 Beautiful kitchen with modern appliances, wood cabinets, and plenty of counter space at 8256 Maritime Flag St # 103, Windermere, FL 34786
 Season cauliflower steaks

☆ ☆ ☆ ☆ ☆ ☆ ☆

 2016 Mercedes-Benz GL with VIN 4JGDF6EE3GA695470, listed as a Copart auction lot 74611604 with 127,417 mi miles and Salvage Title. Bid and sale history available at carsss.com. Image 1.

☆ ☆ ☆ ☆ ☆ ☆ ☆

# [TO DO]
Among the records above, a stretch begins at the line containing "Beautiful kitchen with" and ends at the line containing "Season cauliflower steaks". Restate that stretch word for word, and nothing else.

# [PROBLEM SOLUTION]
 Beautiful kitchen with modern appliances, wood cabinets, and plenty of counter space at 8256 Maritime Flag St # 103, Windermere, FL 34786
 Season cauliflower steaks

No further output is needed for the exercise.